When putting together our scrapbook for JDRF CC13 this summer, there was a lot of opportunity for reflection. On Tylie's page, she wrote that she "tries to be a good example for her younger siblings." And, she is in so many ways. She recently participated in a competition for DECA (a business, marketing club) and qualified for Nationals for the second time. Just this week, she won an event in a state journalism competition. She student manages for hockey, babysits for other families, works polls in elections, and plays soccer. She will go to college next fall and dreams of studying abroad. Diabetes does not slow her down and she never fails to find the humor in it. I can't help but to think all of these experiences will make her an amazing advocate in July. Taya on the other hand, HATES diabetes. There is rarely a day that goes by that she does not curse it. For her, finding the positive is a battle she fights everyday. At the same time, it doesn't stop her from living her life. She plays hockey and will be inducted into the National Honor Society this week. She studies hard in her effort to become a pediatrician. She recently got a job in a nursing home as a step toward her career in health care. While her approach to advocacy may not be as vocal as her sister's, I have no doubt she will have an impact on people's lives. TJ is an example of a kid that that truly "lives out loud." He never stops moving (or talking). He plays hockey, baseball, football and soccer. This weekend he was on his bike or jumping on the trampoline every chance he could. His dream is to play hockey in the NHL. (Ironically, the Ducks are one of his favorite teams.) He does all this, pump attached, without skipping a beat. His older siblings have taught him well and he is not afraid to tell others about what that thing is attached to his hip or why he has to poke himself before he eats. His confidence makes everyone around him confident. That was evident when I dropped him off at a birthday party this weekend and in the middle of me giving the parents my standard speech, the little birthday girl says, "It's okay, I know all about his blood sugar. I'll watch him."

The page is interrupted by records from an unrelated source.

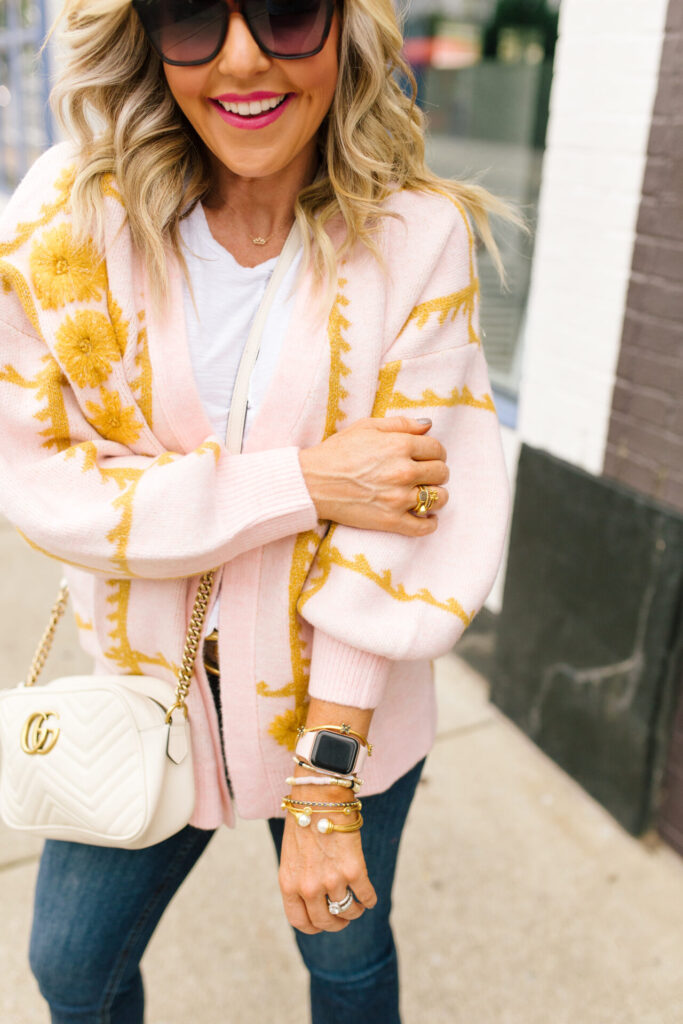 Anthropologie Sale by popular Nashville life and style blog, Hello Happiness: image of Natasha Stoneking wearing a Anthropologie Floral shine cardigan. 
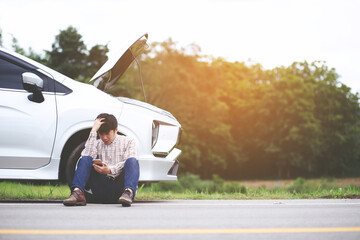 Angry man Stand front a broken car calling for assistance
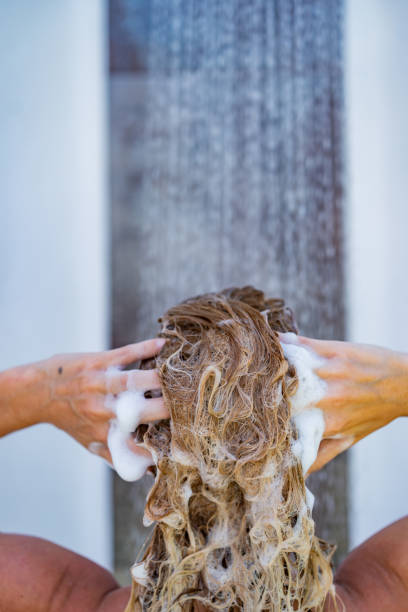 Close-up young woman washing hair with shampoo rear view of young blond woman washing hair with shampoo. Close-up washing hair stock pictures, royalty-free photos & images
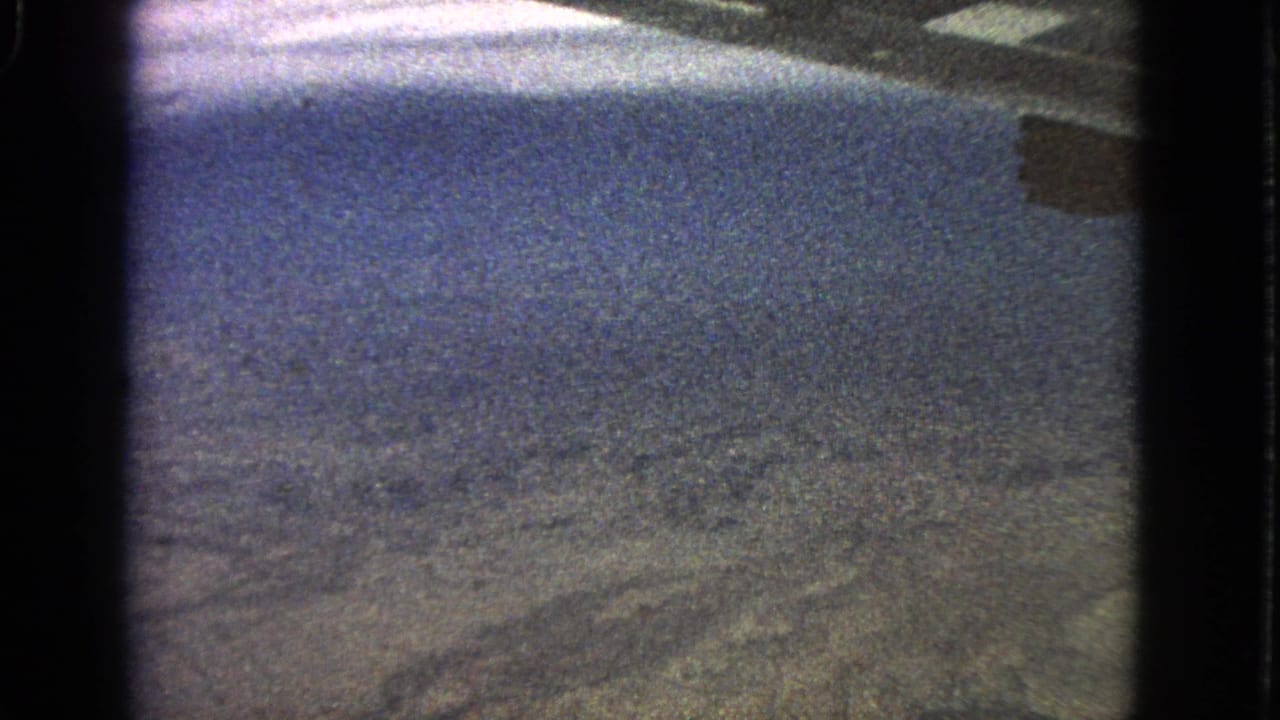 Grainy aerial view through dark aircraft-window edges with hazy terrain below.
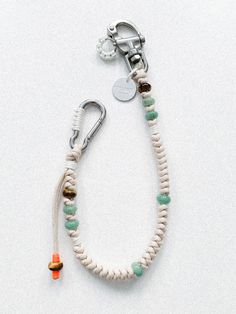 a white bracelet with green and orange beads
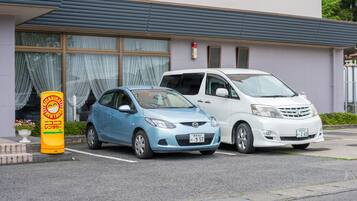 Two parked cars in front of a building with large windows and a fire extinguisher mounted on the wall.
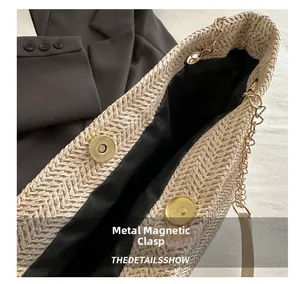 Detail of golden magnetic snap closure and chain strap on woven straw tote bag
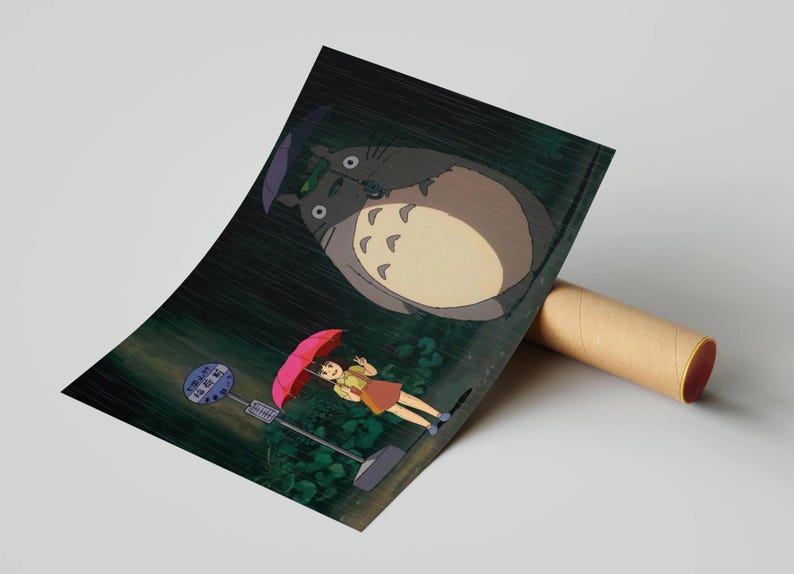 May include: Poster print of a scene from the animated film, My Neighbour Totoro. The artwork shows Totoro, a large forest spirit, and a young girl with an umbrella at a bus stop in the rain. The poster is rolled up.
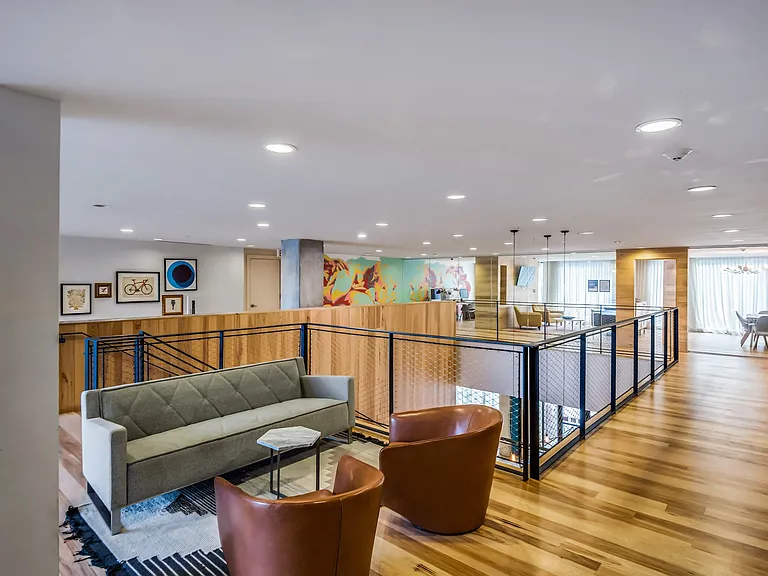 Resident Lounge Overlooking Business Center With Natural Light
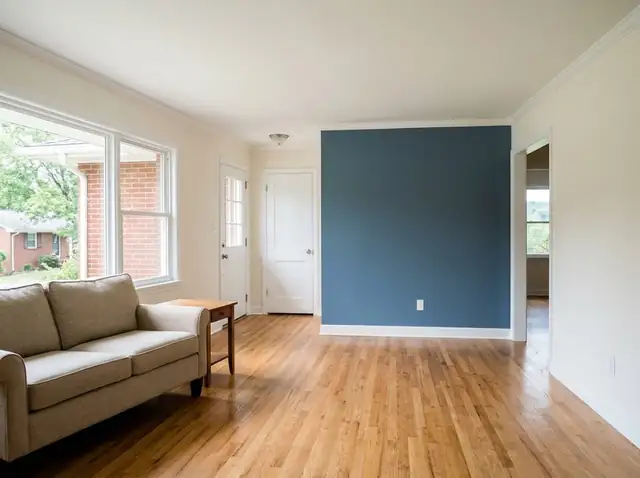 Freshly painted living room with white trim and a slate blue accent wall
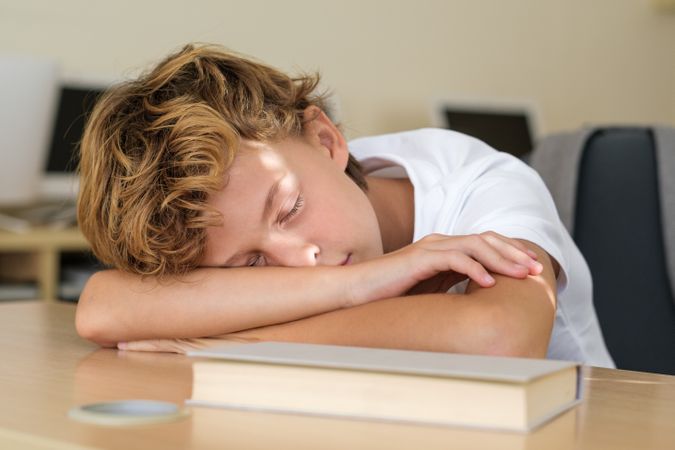 Pupil sleeping on table in classroom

One of my favorite quotes by an unknown author states, When the world says, "Give up," Hope whispers, "Try it one more time." I choose to look at those ducks- that endless trail of test strips- as hope. In our house we use an average of a little over 100 test strips in a week. That is over 100 finger pokes and each one of them to me symbolizes hope and promise. Hope that someday finger pokes will not be necessary and promise that until that day comes, we have options and opportunities. I will do my best to be sure my children see their life for the gift that it is. As a family, we will go to Washington and speak out about Diabetes. We will be there physically, but we will bringing in our hearts all of their "brothers and sisters" who have fought this fight before them and who are fighting it today and for those yet to know the challenge. Let's face it, some days are just hard and the easy thing to do would be to give up. But, something within these resilient kids makes them get up and keep trying. For them, I will gladly pick up a million test strips- bring on the ducks!